There are times to stand on principal - and I guess offering the lone dissenting vote poses no danger - and there are times that doing so just makes you look like a complete idiot. Exhibit A for today is the dissenting vote from Clarence Thomas in the decision to rule an Arizona middle school's strip search of a thirteen-year-old girl unconstitutional.
According to the Denver Post:
The case, Safford Unified School District #1 vs. Redding, began when another student was found with prescription- strength ibuprofen and said she received it from Redding.
Safford Middle School assistant principal Kerry Wilson pulled the honors student out of class, and she consented in his office to a search of her backpack and outer clothes. When that turned up no pills, he had a school nurse take Redding to her office, where she was told to remove her clothes, shake out her bra and pull her underwear away from her body, exposing her breasts and pelvic area.
No drugs were found, and Redding said she was so humiliated that she never returned to the school. Her mother filed suit against the school district, as well as Wilson.
Justice David Souter rationally argued "there was no indication of any danger to the student from the power or quantity of the drugs, no any reason to suspect [she] was carrying any pills in her underwear." In the dissent, Thomas mindlessly argued "judges are not qualified to second-guess the best manner for maintaining quiet and order in a school environment."
However, judges are allowed to use common sense and rational. Maintaining "quiet"? I've never really thought highly of Thomas' perspectives - this is just reason number 75 why he aligns himself with the crazier side of conservatism.
3 comments:
Yeah, I read that in the paper and thought his decision was based on some sort of strange old-school "the principal is God" sort of idealism myself.

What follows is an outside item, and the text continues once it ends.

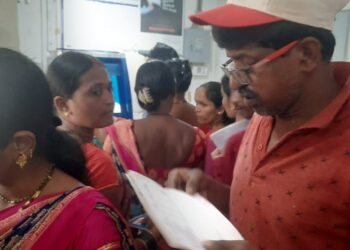 Beloved sister's crowd in the bank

I found it equally crazy that they could say the search wasn't Constitutional, but the school officials are somehow immune from prosecution? Then again, these are the same folks that think that local government should be able to take private property and allow redevelopment of "blighted" areas. You know, the ones not generating enough income? Those.

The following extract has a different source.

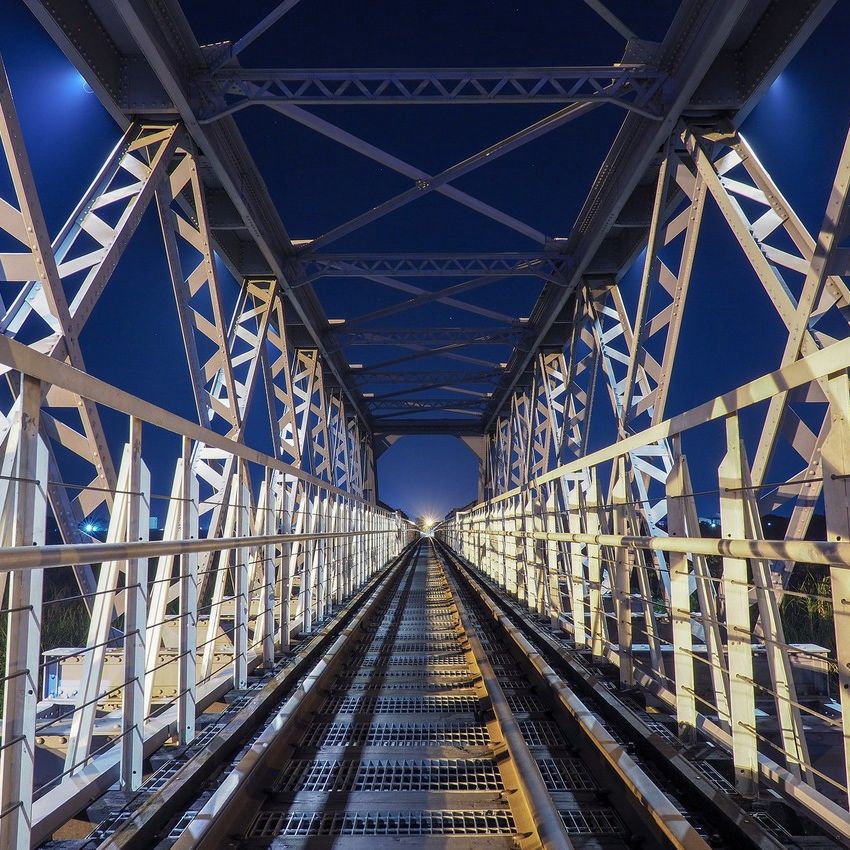 Работа на эстакаде. Ремонт мостового перехода. Работа в мосты и дороги. Монтажник по монтажу стальных и железобетонных конструкций. Мост констракшн.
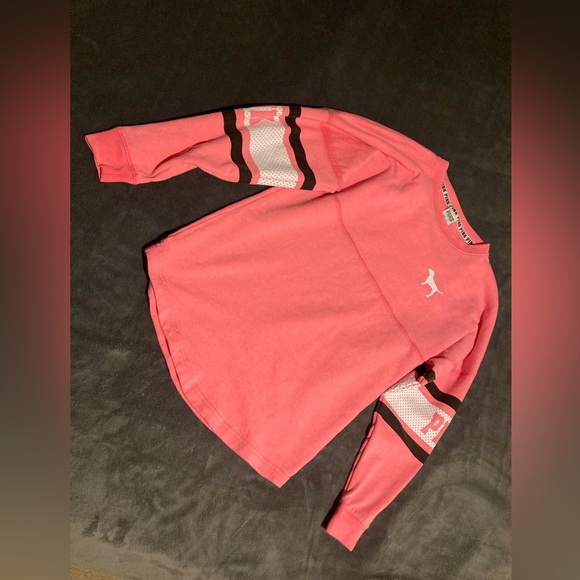 Pink Victoria’s Secret sweatshirt. Size XS. Runs bigger - Picture 3 of 8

In the dissent, Thomas mindlessly argued "judges are not qualified to second-guess the best manner for maintaining quiet and order in a school environment."

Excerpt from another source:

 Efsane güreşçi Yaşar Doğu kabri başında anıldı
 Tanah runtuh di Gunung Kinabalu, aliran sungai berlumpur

You've got to know that I LOVE that statement, but even I think that in this case the school went too far.
Mrs. C., how ya doin'? I must say that I am grateful that the court ruled that the school officials shouldn't be prosecuted. Even though I think their judgment was flawed, as long as they were acting in good faith--and I think they were--they should not have to worry about being sued.
Hey, Dennis! I've missed you!
Well, I also read that statement and wondered about "quiet and order" given the fact that often it is the SCHOOLS who often pressure parents to drug their children to achieve it... and here they're searching for drugs... ironic.
Then again, I'm on the other side of the school power issue in that I am "connected" with people who have been abused by the system to a much greater degree than any good teacher would likely be.
I have heard of parents threatened with social services if they do not medically evaluate/drug their children or cooperate on an IEP. It rankles me that if a teacher is *certified* in my state, he is immune from prosecution for paddling, closet-locking, use of restraints, etc. on disabled children. But I could lose my children if I angered them enough and they called CPS on me.
Mm... IMO the balance of power is off in regards to the immunity thing.